## YOUR OBJECTIVE
Write out the listing from the line with "11 Falcon Ridge Drive" to the line with "Image No.15-4 Bed Villa for sale", both lines included, exactly and nothing beyond. Leave pictures out.

## INPUT MATERIAL
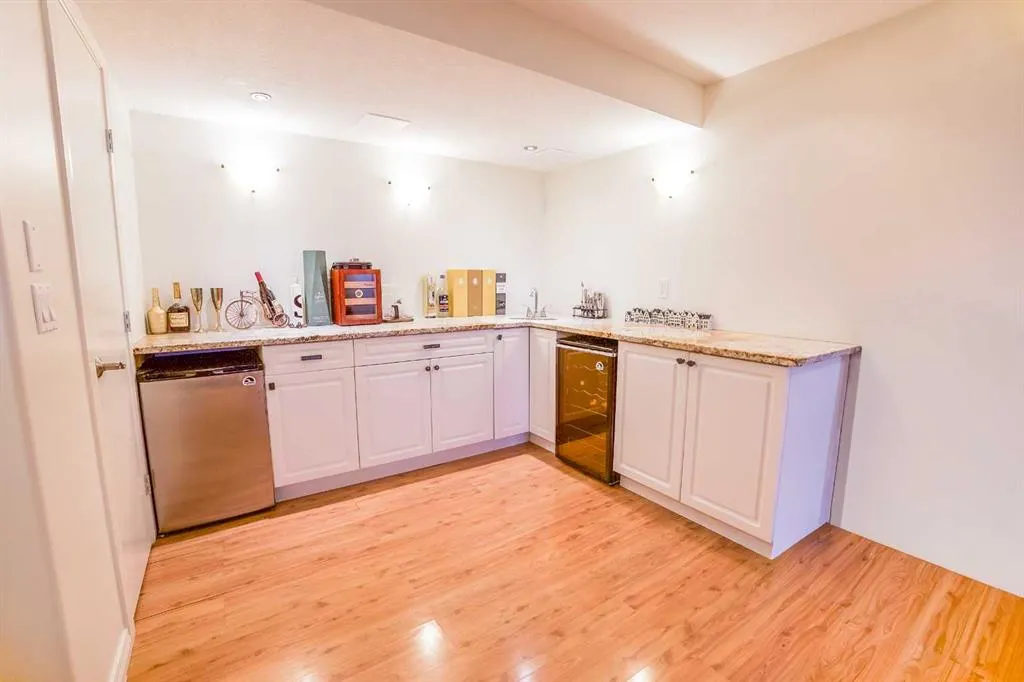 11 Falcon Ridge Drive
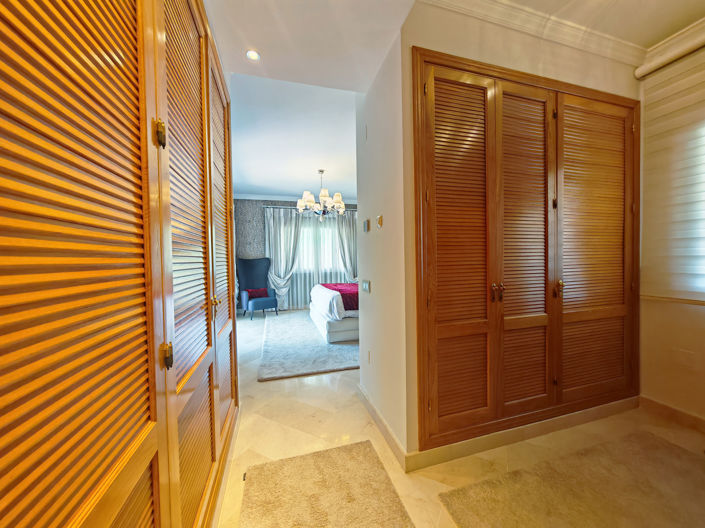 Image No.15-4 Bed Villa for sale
==
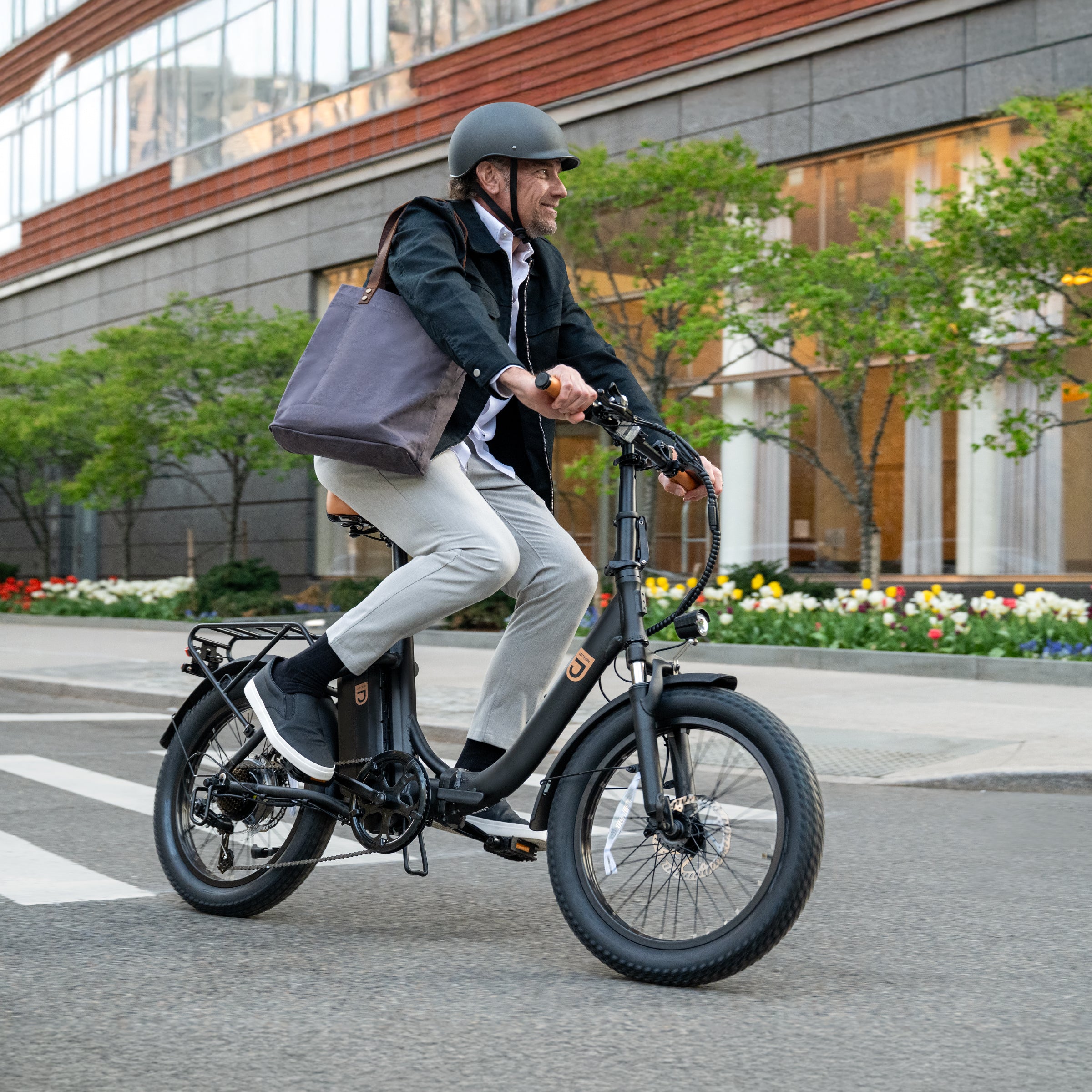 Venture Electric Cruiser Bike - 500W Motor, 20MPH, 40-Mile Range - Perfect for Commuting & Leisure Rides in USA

## ANSWER TO THE PROBLEM
 11 Falcon Ridge Drive
 Image No.15-4 Bed Villa for sale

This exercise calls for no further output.